Whilst you are in there with your broom sweeping up stuff I suggest you sort out the SIMPLE Recovery Model. My suggestion would be:

Figure out how often backups are currently being taken. There are SQL queries that can be run which will tell you (ask if you need them) but you might be able to find the appropriate folder on the server where the backup files are stored and see how frequently they are made, and whether all the files are similar size (or have names that suggest they are FULL backups rather than DIFFerentials). If you have a huge file on a Sunday and then a small file on a Monday, and bigger each day through Saturday then that would suggest FULL on Sunday, and DIFF each weekday. Perhaps they have a FULL each night and DIFF at Noon.

Armed with that ask the users "Are you OK to loose ALL data changes between these backup time-points, and are you able to recreate all data that would be lost in a disaster?"

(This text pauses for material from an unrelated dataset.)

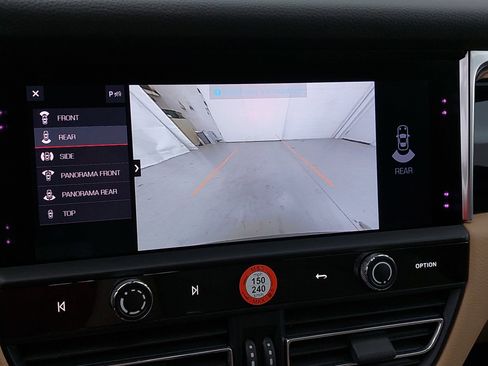 Used 2023 Porsche Macan Turbo image 26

I'm guessing they will say "No"

I don't think that Tara is still maintaining her scripts; The most commonly recommended backup script that I see these days is by Ola Hallengren but, personally, I think that script is for DBAs who want access to all possible knobs and buttons to twiddle and that it isn't a good choice for "Newbie to install, fire and forget". Whereas I think that the scripts by Minion will do just that - if you install the Minion Backup script, turn it on, and then do nothing else you will have a reasonable backup strategy. There are then buttons that you can twiddle if necessary.

Absent knowledge about the way that your client actually uses their database I would suggest you go for Log backups every 10 - 15 minutes, 24 hours a day (don't stop them at night because "no one is at work", there may well be overnight jobs running, if not now then in future).

http://minionware.net/backup/

They have other stuff for rebuilding indexes, which would be worth doing to (if there is nothing, currently, that does that from time to time)

If you embark on that road, and your company has other clients using SIMPLE Recovery Model and you establish that their data is seriously at risk in the event of a disaster, I would suggest that you ought to try to get your company to sort that out - once you have a nice simple canned solution under your belt

ScottPletcher · February 10, 2016, 5:45pm

Also, you could use an INSTEAD OF DELETE trigger to prevent DELETEs unless the conditions were valid for the DELETE. If you never allow DELETEs on that table, you simply log that a DELETE was attempted and cancel the DELETE. If the app does do some legitimate DELETEs, you'd have to add a validating factor, such as setting a particular CONTEXT_INFO() value or pre-loading a specified table row, for example. The problem with that is, if others have access to the code, they can simply reproduce the validating condition and continue doing their own DELETEs.

I wouldn't recommend you turn on full recovery model unless you have someone with some expertise to watch over the log backup process. You might instead add differential backups or increase their frequency, if diffs are already being used.

Allan · March 5, 2016, 5:59pm

I took Kristen's advice, got permission from the customer and ran the profiler over a weekend. The deletions did occur in that time, but examination of the result simply confirmed that the rows were not actively being deleted. That left rollback. After some more research I came to use SET XACT_ABORT ON within the stored procedure that creating the rows. It used a transaction which apparently was failing but not being rollback until a later query. The new procedure has been in place over a week and so far no missing rows. In the past it never went that long without an instance.